Oleh: Putri Andika
Bencana banjir yang melanda sejumlah wilayah di Aceh dan Sumatra menyisakan penderitaan panjang bagi masyarakat terdampak. Rumah rusak, mata pencaharian lumpuh, dan kebutuhan dasar belum sepenuhnya terpenuhi. Namun di tengah situasi darurat tersebut, Presiden justru mengungkap adanya ketertarikan sejumlah pihak swasta terhadap tumpukan lumpur sisa banjir. Lumpur bencana itu dinilai memiliki nilai ekonomis dan bahkan disebut dapat dimanfaatkan untuk menambah pemasukan daerah.
Pemanfaatan lumpur oleh pihak swasta dipandang sebagai peluang ekonomi di tengah bencana. Alih-alih fokus pada pemulihan korban, wacana yang mengemuka justru bagaimana lumpur banjir dapat dikomersialkan. Negara seakan memandang bencana bukan semata tragedi kemanusiaan, melainkan juga potensi bisnis yang bisa digarap bersama swasta.
Kebijakan ini mempertegas bahwa negara tidak lagi berperan sebagai penanggung jawab utama urusan rakyat. Alih-alih hadir penuh dalam penanggulangan bencana, tanggung jawab justru dilemparkan kepada swasta. Negara hanya berperan sebagai fasilitator bisnis, sementara keselamatan dan pemulihan rakyat dibiarkan bergantung pada kepentingan investor.

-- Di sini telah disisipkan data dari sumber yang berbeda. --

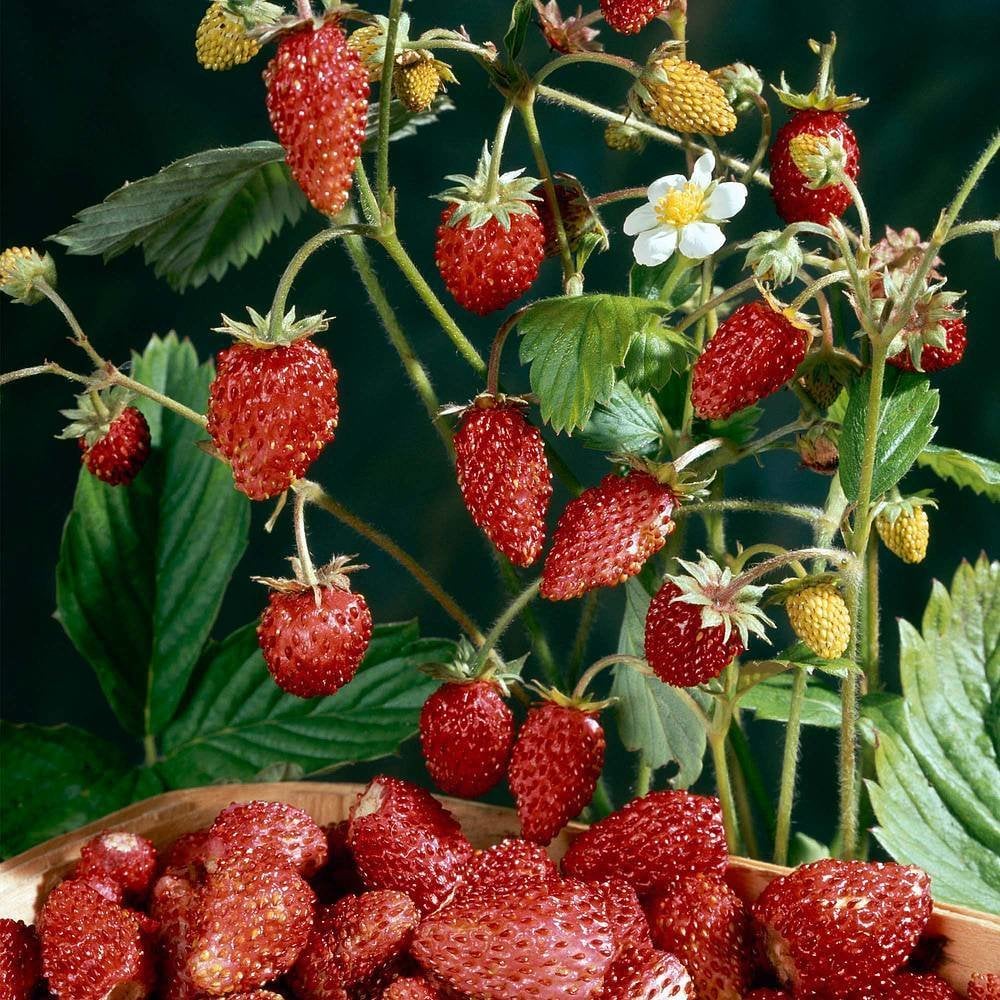 Strawberry Seeds Urban Farmer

Wacana pemanfaatan lumpur banjir juga menunjukkan salah prioritas yang fatal. Ketika korban masih membutuhkan pangan, air bersih, layanan kesehatan, dan hunian layak, pemerintah malah memikirkan bagaimana sisa bencana bisa menghasilkan cuan. Kepentingan materiil diletakkan di atas keselamatan jiwa manusia—sebuah kezaliman yang lahir dari sistem kapitalisme.
Solusi yang ditawarkan pun bersifat pragmatis dan serba instan, tanpa regulasi yang jelas dan pengawasan ketat. Pintu eksploitasi dibuka lebar. Swasta berpeluang mengeruk keuntungan dari lumpur bencana, sementara rakyat kembali menjadi korban, baik secara sosial maupun ekologis. Inilah konsekuensi ketika negara menyerahkan urusan publik kepada mekanisme pasar.
Islam memandang persoalan ini secara tegas dan mendasar. Dalam Islam, negara adalah ra’in (pengurus) dan junnah (pelindung) bagi rakyat. Negara wajib bertanggung jawab penuh dalam setiap urusan, termasuk penanggulangan bencana. Tidak ada ruang bagi negara untuk berlepas tangan, apalagi mengomersialkan penderitaan rakyat.
Pemerintahan Islam akan mendahulukan kemaslahatan umat di atas kepentingan materiil. Penanganan bencana difokuskan pada penyelamatan jiwa, pemenuhan kebutuhan dasar, dan pemulihan menyeluruh. Negara hadir dengan seluruh perangkat dan kekayaannya, bukan menyerahkan urusan ini kepada swasta yang berorientasi laba.
Islam juga melarang swastanisasi sumber daya alam yang menjadi milik umum. Segala sesuatu yang berkaitan dengan hajat hidup rakyat banyak tidak boleh dikuasai oleh segelintir pihak. Lumpur bencana dan dampaknya adalah urusan publik yang wajib ditangani negara demi kemaslahatan umat, bukan dijadikan ladang bisnis.